Além de promover uma maior interação, esse modelo de correção também permite que cópias ou trapaças sejam identificadas, pois a lógica da resposta deve ser explicada e, caso ache a explicação insuficiente, o aluno corretor zera a nota da atividade. 


Ao finalizar a tarefa, o corretor também é avaliado e recebe um feedback (retorno avaliativo). Com isso, todos se esforçam para fazer uma correção aprofundada e ter bom relacionamento com os demais.

O método de correção varia de acordo com a dificuldade, ou seja, você deve acertar o exercício mais fácil para ser pontuado naquele com maior dificuldade. 


Isso é justificado pela distribuição das atividades, pois começa com uma tarefa simples, que aumenta gradualmente em complexidade. 

Um exemplo: criar uma lista, permitir que mais elementos sejam adicionados a ela, classificar em ordem alfabética e mostrar o resultado. Cada passo deste é um exercício precisa do anterior para ser feito. Caso o aluno falhe em um exercício, teoricamente não possui conhecimento suficiente para realizar os outros. Para reforçar o aprendizado, as atividades e conceitos se repetem ao longo do curso.

O ensino descentralizado exige muito mais do aluno, pois além de ter a dificuldade de conteúdo do tradicional, o estudante deve ter maior autocontrole, pois não existe horário ou matéria certa para estudar.


Comparado com o ensino tradicional, o peer-to-peer empodera o aluno, faz com que ele se esforce para aprender e constrói um conhecimento mais sólido e fundamentado. 

Além disso, a necessidade de se adaptar a diferentes situações e interagir com os demais desenvolve habilidades importantes para o mercado de trabalho.

Isso tudo sem comprometer aqueles que gostam da figura do professor, alguém que esclarece dúvidas e possui conhecimento sobre o assunto. 

Esse papel é exercido por algum outro aluno ou até mentor, que auxilia os demais sem o status de autoridade detentora de conhecimento.

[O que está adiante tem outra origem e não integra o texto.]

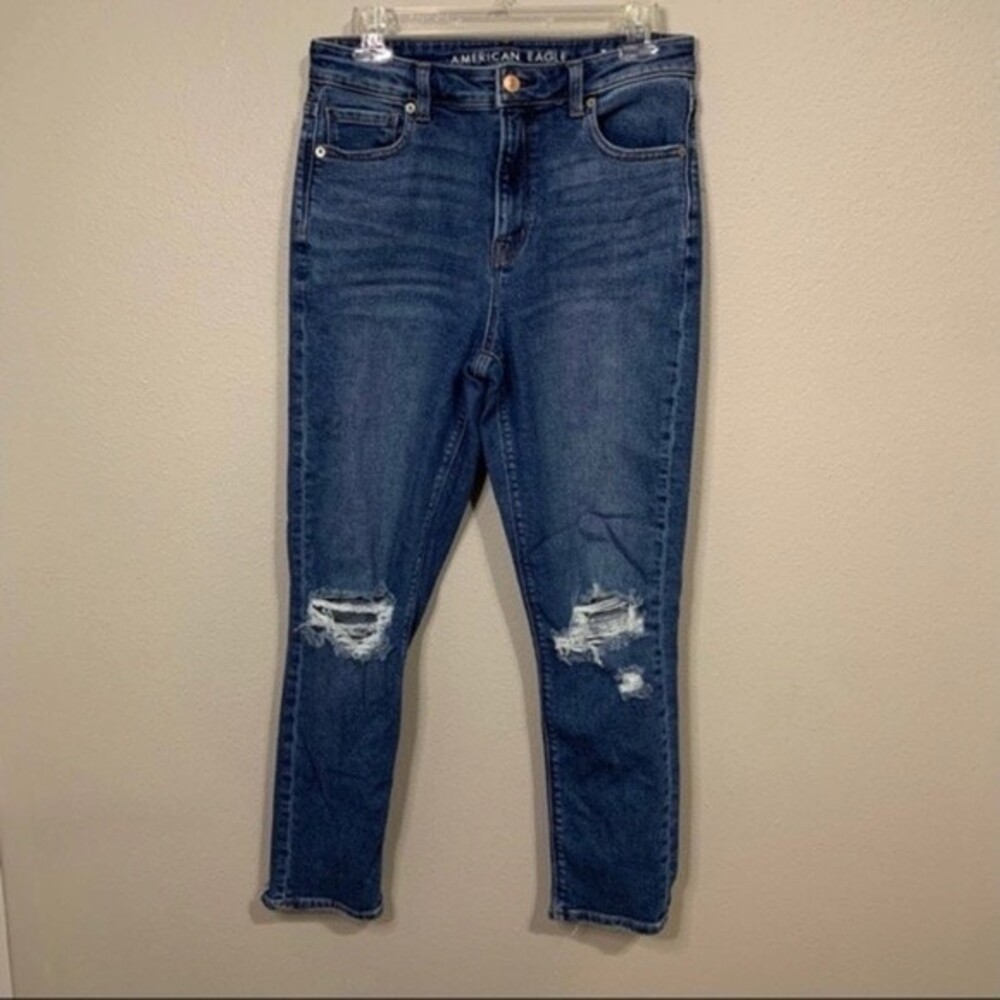 American Eagle high waisted distressed mom jeans women’s size 4 regular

Existem ainda alguns empecilhos na aplicação em larga escala dessa metodologia. 

A área de computação e engenharia talvez seja o ambiente mais fácil de disseminar, já cursos teóricos precisarão adaptar à metodologia. 

Outro ponto é a maturidade do aluno, que migra de um sistema completamente fechado e cheio de regras para um sem praticamente nenhuma restrição. 

Muitos não conseguem se controlar e não se dedicam o suficiente, ou acabam se frustrando e têm dificuldade de readaptar.